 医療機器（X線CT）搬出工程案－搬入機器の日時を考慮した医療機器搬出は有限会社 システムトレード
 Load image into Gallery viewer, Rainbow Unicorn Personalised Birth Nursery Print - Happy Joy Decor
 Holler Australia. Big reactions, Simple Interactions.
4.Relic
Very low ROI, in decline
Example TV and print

- - - - - - -

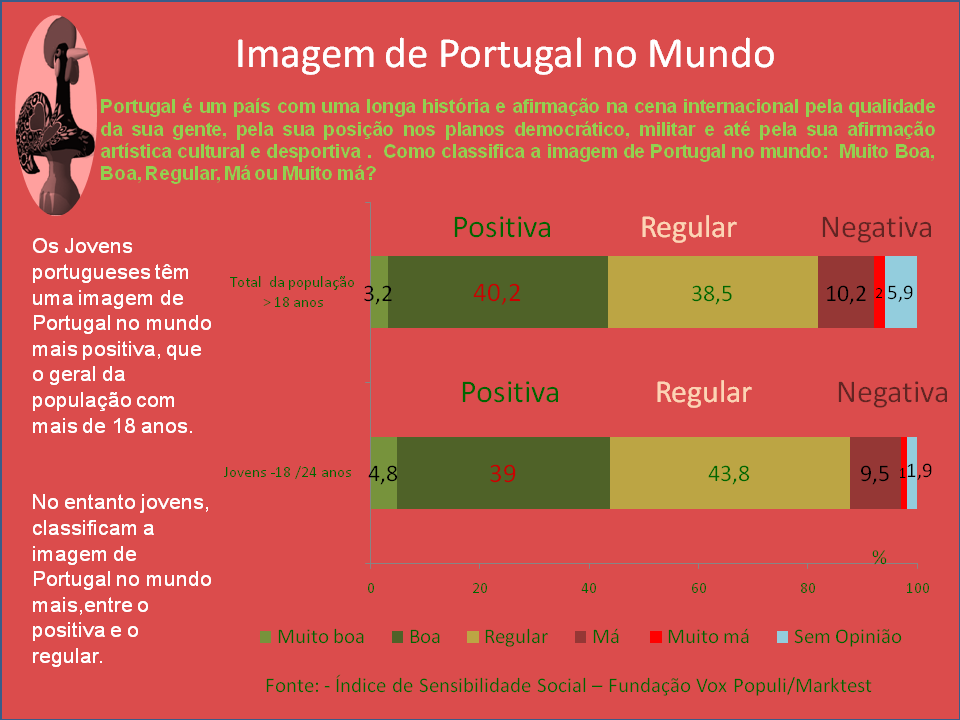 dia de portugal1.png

- - - - - - -

For the lines above, output exactly those from the line containing "医療機器（X線CT）搬出工程" through the line containing "Example TV and print", and skip the others.

RESPONSE -
 医療機器（X線CT）搬出工程案－搬入機器の日時を考慮した医療機器搬出は有限会社 システムトレード
 Load image into Gallery viewer, Rainbow Unicorn Personalised Birth Nursery Print - Happy Joy Decor
 Holler Australia. Big reactions, Simple Interactions.
4.Relic
Very low ROI, in decline
Example TV and print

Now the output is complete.